Starting Small, All Over Again: Shaping Neural Networks in the 12AX-CPT

By developinginte… on January 9, 2009.

There's little evidence that "staging" the training of neural networks on language-like input - feeding them part of the problem space initially, and scaling that up as they learn - confers any consistent benefit in terms of their long term learning (as reviewed yesterday).

To summarize that post, early computational demonstrations of the importance of starting small were subsequently cast into doubt by numerous replication failures, with one exception: the importance of starting small is replicable when the training data lack temporal correlations. This leads to slow learning of the importance of longer timescales by simple recurrent networks, but learning can be sped up by "shaping" the type of input the network sees early in its learning.

Typically, these investigations have focused on grammar-like input data, in which a recursive phrase can be embedded between a noun and verb (e.g., the cat [who ate the bird [who had chicklings [who ate a worm [who...]]]] chased the dog.) A new paper from Krueger & Dayan uses training data from a very different context - the 12AXCPT - and illustrates that as in cases with uncorrelated embeddings, networks learning the 12AXCPT benefit from developmental staging, or shaping, of the input data. Interestingly, however, the 12AXCPT does involve correlations between the embeddings , thus not fitting the conditions (as laid out by Rohde and Plaut) that should generate an advantage from "starting small."

The 12AXCPT is a fairly complex task. Here are the rules, to give you a flavor: if the last number you saw was a "1", respond with your left hand to X's followed by A's, and respond with your right hand to anything else you see; but if the last number you saw was a "2", now respond with your left hand to Y's followed by B's, and with your right hand to anything else you see. In this this task, the numbers 1&2 make up the "outer loop", and can be followed by 1 to 4 "inner loop" pairs. The target sequence for the current outer loop always has a higher probability of occurrence than the nontarget sequences, yielding errors or reaction times indicative of anticipation (AY in outer loop 1, BX in outer loop 2) among subjects who use this probability information and are capable of maintaining previously-observed stimuli.

Krueger & Dayan trained a gated working memory network (like an SRN that learns when to maintain, forget, and output information from the recurrent layer) on the 12AX-CPT. Interestingly, their architecture includes three distinct gates for each "slot" in working memory (a gate for updating, for forgetting, and for output) trained with backpropagation through time. Certain networks were "shaped" as described below.

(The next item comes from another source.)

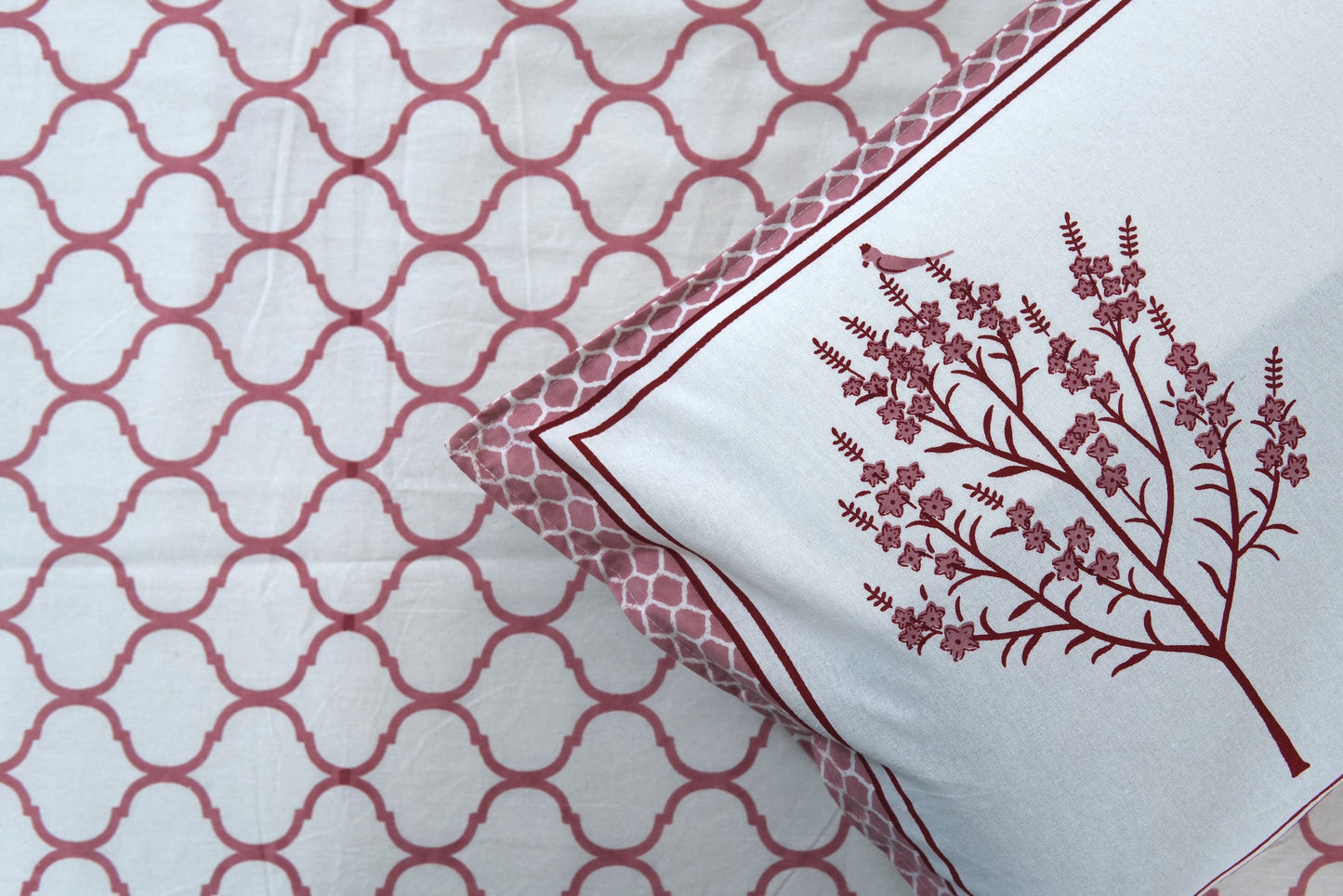 Cherry red jharokha - Pure cotton King / Queen size double bedsheet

Shaped networks were first trained to provide one response to any stimuli following the number 1, and a different response to any following the number 2, and these numbers were presented with decreasing frequency over 4 successive stages of shaping. This most crucial stage of shaping directly targets the difficulties SRNs have in learning long-range sequential structure. This followed by a stage in which the net first provided a target response to any stimulus following an A that was last preceded by a 1 with a nontarget response to all other stimuli. The final stage required a target response to any stimulus following a B that was last preceded by a 2, and nontarget responses to all other stimuli.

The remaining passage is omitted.